*** Opening of Material for this task ***
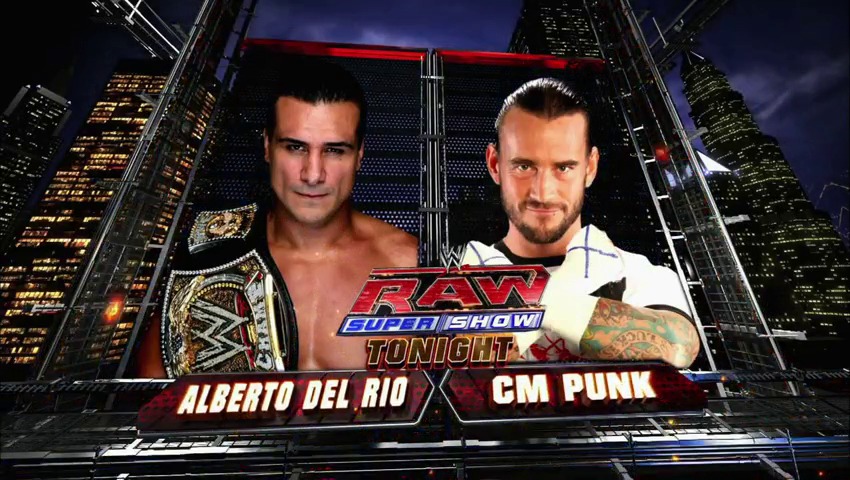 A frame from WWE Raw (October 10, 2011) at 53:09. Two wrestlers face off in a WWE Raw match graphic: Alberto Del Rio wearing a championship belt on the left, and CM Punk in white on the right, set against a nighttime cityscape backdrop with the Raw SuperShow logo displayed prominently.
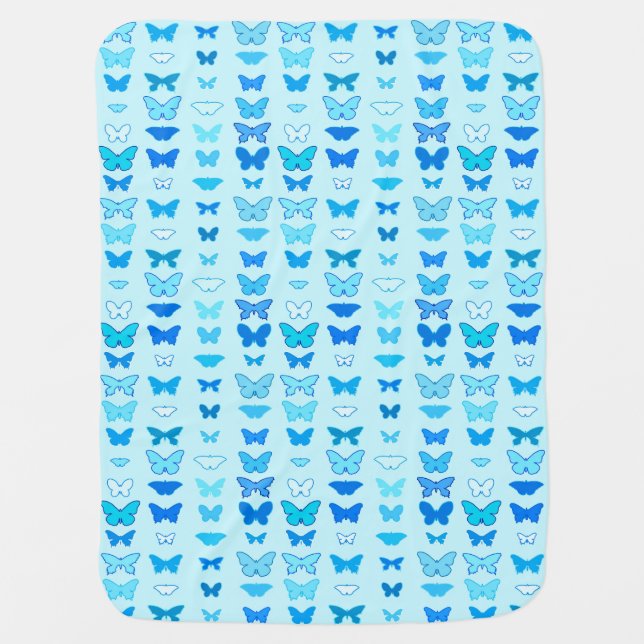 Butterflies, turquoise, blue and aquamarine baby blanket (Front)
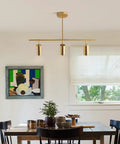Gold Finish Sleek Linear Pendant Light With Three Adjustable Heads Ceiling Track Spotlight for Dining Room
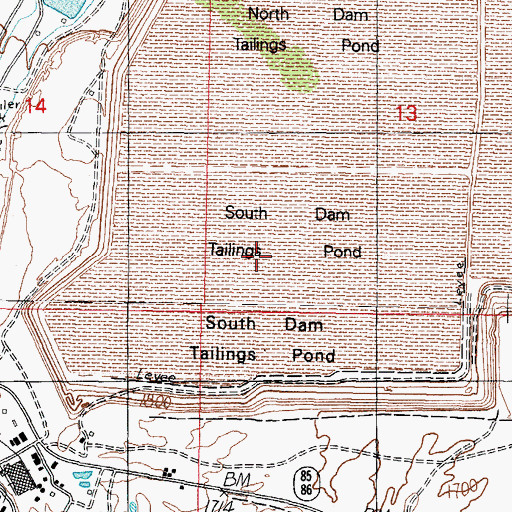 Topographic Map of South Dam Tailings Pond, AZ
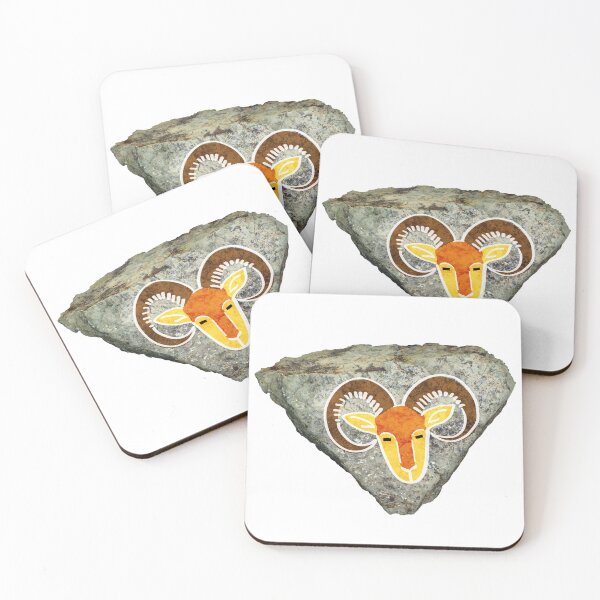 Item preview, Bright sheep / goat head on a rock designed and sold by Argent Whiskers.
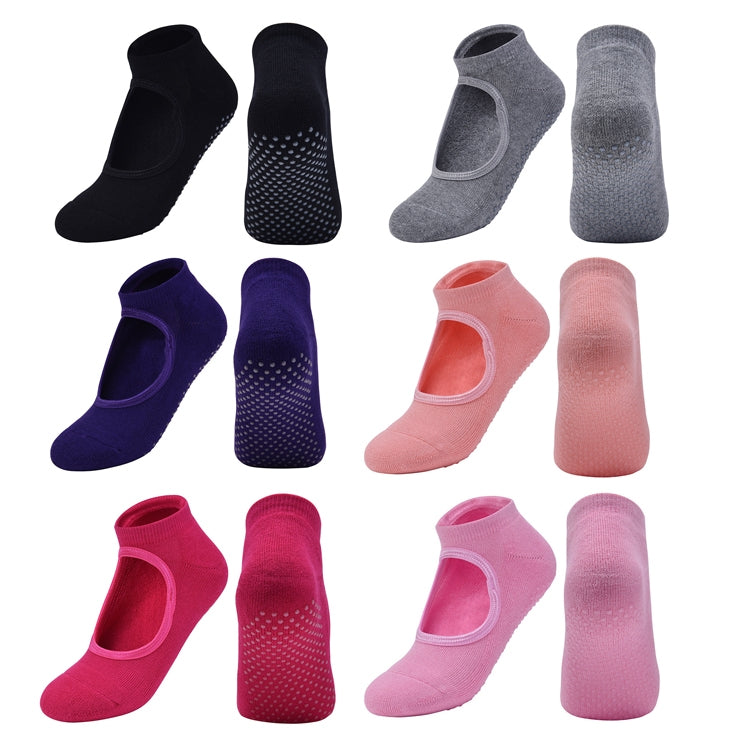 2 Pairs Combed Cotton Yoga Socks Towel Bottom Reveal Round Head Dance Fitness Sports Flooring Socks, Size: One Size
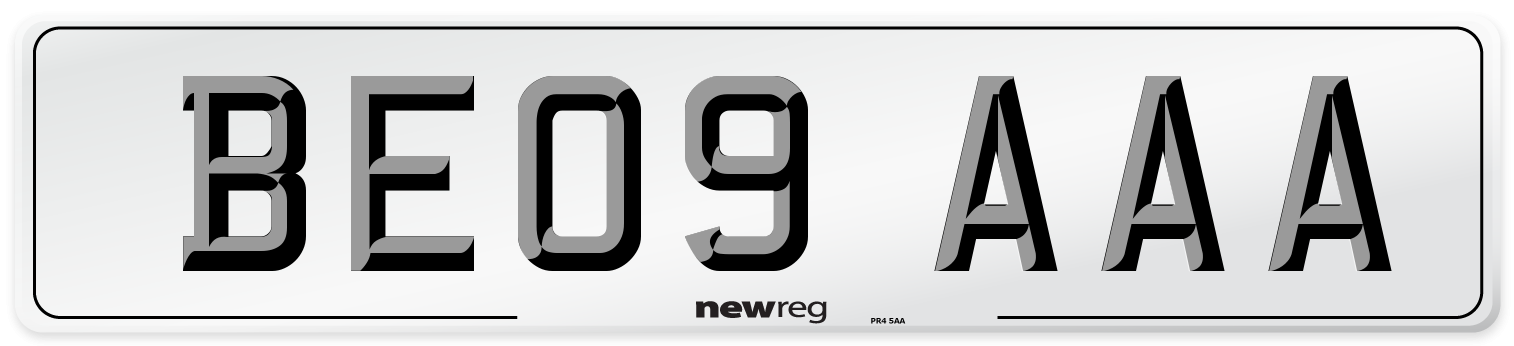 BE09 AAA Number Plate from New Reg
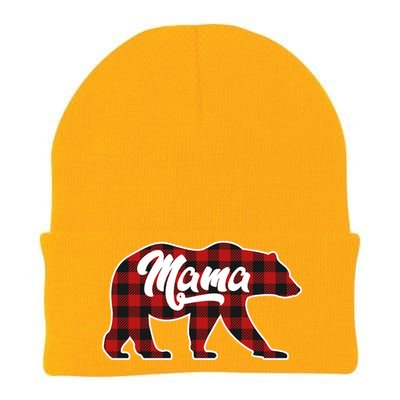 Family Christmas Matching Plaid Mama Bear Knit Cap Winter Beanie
*** Close of Material for this task ***
▸ Directions
The records above are to be repeated exactly, apart from their pictures.

▸ Output of the exercise
 A frame from WWE Raw (October 10, 2011) at 53:09. Two wrestlers face off in a WWE Raw match graphic: Alberto Del Rio wearing a championship belt on the left, and CM Punk in white on the right, set against a nighttime cityscape backdrop with the Raw SuperShow logo displayed prominently.
 Butterflies, turquoise, blue and aquamarine baby blanket (Front)
Gold Finish Sleek Linear Pendant Light With Three Adjustable Heads Ceiling Track Spotlight for Dining Room
 Topographic Map of South Dam Tailings Pond, AZ
 Item preview, Bright sheep / goat head on a rock designed and sold by Argent Whiskers.
 2 Pairs Combed Cotton Yoga Socks Towel Bottom Reveal Round Head Dance Fitness Sports Flooring Socks, Size: One Size
 BE09 AAA Number Plate from New Reg
 Family Christmas Matching Plaid Mama Bear Knit Cap Winter Beanie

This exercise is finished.